Map of life expectancy at birth from Global Education Project.

Tuesday, May 10, 2005

And in flew Enza

While the corporate media regularly stir up mass hysteria about such very minor problems as West Nile Virus or Eastern Equine Encephalitis, good old flu kills around 40,000 Americans in a typical year. Most of these people are already debilitated for one reason or another, usually advanced in age, and we accept this as part of our condition -- although occasionally young and healthy people succumb, for unclear reasons.

But there is always that possibility of the return of an especially virulent strain of influenza, as in 1918. That world-wide pandemic caused a dramatic spike in the death rate in the U.S. and elsewhere, killing as many as 100 million people.

Michael T. Osterholm in the new NEJM reviews our current state of preparedness. The threat of such a pandemic is substantial, because of animal husbandry practices in Asia in which swine, poultry and humans are in continual contact, giving the virus a chance to migrate among species and undergo continual genetic recombination. There are several problems:

  1. Influenza vaccine production still uses a 1950s technology in which virus is incubated in chicken eggs. It takes six months and 350 million eggs to make the 300 million doses used annually. This technology is nearly impossible to ramp up to a larger scale, and slow to respond to new strains.

  2. The U.S. has little or no "surge" capacity to respond to a pandemic. We have only 105,000 mechanical ventilators, most of which are already in use at any given time. Ventilators would not be available for the tens or hundreds of thousands who would need them in a repeat of a 1918-style epidemic.

  3. We have inadequate plans for creating, equipping and staffing the temporary hospital space that would have to be set up in such places as high school gymnasiums.

  4. If a deadly flu were to emerge in Asia, most countries would close off international travel to try to contain it. World commerce would grind to a halt and the economic effects would be devastating. Only the ability to quickly create and distribute millions of doses of vaccine, or to attempt containment using antiviral medications, could persuade countries to allow international flights to continue.

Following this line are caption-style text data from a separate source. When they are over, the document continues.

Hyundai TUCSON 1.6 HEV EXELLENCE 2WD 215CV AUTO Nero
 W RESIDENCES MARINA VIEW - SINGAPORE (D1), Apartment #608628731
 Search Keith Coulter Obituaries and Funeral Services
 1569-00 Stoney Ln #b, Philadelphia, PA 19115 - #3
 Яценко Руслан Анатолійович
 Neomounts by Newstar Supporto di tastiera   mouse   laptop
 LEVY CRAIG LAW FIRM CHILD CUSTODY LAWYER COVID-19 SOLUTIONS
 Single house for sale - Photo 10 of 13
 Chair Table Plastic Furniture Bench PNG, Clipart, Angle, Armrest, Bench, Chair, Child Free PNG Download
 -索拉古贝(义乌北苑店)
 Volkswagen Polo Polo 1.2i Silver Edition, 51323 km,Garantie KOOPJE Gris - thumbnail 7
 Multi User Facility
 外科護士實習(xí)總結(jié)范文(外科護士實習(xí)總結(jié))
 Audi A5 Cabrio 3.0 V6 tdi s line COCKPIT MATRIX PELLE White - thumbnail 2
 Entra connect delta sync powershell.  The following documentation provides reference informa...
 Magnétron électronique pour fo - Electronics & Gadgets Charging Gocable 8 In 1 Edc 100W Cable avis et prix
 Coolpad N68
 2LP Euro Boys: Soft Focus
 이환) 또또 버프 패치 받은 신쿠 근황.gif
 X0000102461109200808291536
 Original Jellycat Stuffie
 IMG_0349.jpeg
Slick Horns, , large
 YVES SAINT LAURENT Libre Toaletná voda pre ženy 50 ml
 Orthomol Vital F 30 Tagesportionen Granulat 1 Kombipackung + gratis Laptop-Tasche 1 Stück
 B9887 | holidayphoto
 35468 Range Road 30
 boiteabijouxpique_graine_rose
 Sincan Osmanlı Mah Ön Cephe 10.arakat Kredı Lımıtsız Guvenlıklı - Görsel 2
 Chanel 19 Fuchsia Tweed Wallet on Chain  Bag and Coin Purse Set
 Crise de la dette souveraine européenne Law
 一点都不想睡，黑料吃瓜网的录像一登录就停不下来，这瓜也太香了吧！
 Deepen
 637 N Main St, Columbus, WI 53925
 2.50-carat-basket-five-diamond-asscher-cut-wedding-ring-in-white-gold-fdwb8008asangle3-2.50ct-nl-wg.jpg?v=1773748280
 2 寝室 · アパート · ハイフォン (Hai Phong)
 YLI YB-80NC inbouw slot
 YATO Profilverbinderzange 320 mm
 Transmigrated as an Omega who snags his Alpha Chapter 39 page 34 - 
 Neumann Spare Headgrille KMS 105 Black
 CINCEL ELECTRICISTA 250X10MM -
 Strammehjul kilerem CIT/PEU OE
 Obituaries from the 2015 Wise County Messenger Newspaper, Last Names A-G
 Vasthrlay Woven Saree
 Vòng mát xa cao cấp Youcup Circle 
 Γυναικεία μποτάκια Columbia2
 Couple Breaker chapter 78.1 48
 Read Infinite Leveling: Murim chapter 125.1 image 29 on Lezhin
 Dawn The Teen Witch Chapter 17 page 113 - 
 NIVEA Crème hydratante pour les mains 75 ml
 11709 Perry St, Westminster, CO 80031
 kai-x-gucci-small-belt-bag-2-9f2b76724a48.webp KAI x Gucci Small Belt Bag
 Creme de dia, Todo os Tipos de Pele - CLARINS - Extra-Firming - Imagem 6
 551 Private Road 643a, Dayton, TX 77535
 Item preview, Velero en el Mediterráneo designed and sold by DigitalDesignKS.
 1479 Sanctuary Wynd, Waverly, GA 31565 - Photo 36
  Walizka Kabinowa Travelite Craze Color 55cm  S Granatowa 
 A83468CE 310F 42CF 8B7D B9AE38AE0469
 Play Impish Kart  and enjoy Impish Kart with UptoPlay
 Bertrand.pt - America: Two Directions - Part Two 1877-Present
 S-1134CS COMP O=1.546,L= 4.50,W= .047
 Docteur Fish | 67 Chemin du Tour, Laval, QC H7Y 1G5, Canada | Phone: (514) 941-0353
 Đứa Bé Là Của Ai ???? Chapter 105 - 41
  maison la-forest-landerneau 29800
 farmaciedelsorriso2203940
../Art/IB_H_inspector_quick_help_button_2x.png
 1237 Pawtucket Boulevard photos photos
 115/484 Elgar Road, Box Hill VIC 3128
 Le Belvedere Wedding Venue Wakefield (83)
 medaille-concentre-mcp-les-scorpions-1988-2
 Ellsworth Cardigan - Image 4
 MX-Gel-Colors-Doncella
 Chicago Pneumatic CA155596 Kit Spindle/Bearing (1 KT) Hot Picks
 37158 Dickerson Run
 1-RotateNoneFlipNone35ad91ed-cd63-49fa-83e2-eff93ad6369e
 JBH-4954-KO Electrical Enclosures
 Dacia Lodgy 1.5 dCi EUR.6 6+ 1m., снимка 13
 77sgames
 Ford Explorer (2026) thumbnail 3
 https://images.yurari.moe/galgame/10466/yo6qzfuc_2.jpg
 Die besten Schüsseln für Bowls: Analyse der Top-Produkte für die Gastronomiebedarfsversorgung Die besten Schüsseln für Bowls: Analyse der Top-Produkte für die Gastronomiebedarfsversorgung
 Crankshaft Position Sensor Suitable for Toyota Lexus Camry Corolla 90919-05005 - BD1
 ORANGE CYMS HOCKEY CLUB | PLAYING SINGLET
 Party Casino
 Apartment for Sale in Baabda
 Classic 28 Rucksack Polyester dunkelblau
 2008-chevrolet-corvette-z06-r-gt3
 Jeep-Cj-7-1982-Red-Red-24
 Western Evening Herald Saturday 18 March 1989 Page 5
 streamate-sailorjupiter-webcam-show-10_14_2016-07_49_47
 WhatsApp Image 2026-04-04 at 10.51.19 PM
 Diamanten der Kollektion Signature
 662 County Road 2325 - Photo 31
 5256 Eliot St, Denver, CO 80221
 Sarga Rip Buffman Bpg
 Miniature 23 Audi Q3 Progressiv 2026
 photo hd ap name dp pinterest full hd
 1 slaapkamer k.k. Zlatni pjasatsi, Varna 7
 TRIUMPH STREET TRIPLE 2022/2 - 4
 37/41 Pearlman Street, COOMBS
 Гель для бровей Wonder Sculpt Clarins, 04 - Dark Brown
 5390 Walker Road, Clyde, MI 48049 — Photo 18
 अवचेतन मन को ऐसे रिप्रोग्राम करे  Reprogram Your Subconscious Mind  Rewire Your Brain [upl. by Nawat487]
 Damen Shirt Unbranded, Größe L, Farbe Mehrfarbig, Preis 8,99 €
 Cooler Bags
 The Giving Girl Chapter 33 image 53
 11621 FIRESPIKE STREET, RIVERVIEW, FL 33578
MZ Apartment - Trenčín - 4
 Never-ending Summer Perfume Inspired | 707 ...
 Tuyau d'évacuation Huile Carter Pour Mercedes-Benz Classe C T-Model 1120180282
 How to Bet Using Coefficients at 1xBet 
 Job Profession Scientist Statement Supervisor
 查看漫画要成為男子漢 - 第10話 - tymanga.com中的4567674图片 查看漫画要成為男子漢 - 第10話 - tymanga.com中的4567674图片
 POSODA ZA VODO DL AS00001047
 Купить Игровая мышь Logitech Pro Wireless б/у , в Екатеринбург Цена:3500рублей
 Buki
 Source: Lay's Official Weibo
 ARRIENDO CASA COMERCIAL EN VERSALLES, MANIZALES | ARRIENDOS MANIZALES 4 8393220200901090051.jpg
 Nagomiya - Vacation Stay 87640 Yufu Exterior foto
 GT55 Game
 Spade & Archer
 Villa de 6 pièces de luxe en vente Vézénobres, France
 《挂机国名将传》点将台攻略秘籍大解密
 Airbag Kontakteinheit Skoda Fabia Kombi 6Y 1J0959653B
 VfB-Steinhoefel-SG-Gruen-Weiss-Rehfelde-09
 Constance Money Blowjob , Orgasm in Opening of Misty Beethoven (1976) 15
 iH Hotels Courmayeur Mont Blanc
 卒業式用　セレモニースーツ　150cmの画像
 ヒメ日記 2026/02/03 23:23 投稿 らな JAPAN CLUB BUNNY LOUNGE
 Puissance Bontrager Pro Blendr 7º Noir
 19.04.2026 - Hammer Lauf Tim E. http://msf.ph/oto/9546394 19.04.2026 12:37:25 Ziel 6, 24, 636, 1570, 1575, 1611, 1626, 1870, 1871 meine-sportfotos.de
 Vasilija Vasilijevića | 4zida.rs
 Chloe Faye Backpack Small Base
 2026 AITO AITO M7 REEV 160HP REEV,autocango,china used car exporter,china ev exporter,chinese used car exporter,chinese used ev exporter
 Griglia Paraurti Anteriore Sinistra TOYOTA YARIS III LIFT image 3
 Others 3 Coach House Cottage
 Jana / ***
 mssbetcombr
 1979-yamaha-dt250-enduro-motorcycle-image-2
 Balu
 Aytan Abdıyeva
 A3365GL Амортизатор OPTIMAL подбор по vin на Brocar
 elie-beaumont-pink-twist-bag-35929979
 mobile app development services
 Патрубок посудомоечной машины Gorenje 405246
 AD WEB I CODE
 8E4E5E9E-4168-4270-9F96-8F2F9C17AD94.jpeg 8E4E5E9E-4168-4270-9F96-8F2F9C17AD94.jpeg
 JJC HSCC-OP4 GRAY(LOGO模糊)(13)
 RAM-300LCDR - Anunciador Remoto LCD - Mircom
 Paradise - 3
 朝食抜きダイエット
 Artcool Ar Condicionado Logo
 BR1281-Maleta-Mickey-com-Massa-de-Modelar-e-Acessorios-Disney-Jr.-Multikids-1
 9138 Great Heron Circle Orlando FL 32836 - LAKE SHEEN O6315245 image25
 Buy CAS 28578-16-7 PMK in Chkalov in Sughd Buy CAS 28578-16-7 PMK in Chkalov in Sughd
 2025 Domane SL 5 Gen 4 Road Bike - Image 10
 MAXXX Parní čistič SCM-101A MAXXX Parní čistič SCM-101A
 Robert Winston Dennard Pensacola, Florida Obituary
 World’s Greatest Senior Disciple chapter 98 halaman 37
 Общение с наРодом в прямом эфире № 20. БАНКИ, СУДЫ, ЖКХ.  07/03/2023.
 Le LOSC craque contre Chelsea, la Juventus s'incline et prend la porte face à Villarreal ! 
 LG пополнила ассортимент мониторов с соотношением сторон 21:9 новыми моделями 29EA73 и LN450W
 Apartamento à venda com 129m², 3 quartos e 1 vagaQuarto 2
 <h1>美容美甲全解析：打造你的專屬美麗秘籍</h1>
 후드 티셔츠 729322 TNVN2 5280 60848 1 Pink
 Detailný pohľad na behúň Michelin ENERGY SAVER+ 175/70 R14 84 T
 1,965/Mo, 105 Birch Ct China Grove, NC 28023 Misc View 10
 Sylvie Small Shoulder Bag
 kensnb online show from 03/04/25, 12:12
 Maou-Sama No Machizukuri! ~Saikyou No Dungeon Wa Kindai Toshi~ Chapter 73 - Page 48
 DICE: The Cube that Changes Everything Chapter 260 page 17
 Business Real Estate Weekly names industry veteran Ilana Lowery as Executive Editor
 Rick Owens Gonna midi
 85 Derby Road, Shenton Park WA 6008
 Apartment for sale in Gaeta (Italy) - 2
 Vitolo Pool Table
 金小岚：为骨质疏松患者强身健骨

But (and now this is Cervantes talking, not Dr. Osterholm) all our time and money for emergency preparedness is going into these preposterous bioterrorism drills. The states have been given federal grants to pretend that somebody sprayed anthrax (which is not contagious) around and everybody for miles around has to show up at a particular hospital to get a dose of ciprofloxacin. These drills are controlled by public safety officials -- police and firefighters -- not public health and medical officials. They focus on issues like what to do when 10,000 cars show up at a 300 space parking lot, and people start fighting to get to the head of the line. This activity does absolutely nothing to enhance our capacity or our readiness to respond to events which are actually likely in the real world.

Oh right, 9/11 changed everything. Reality is so last century.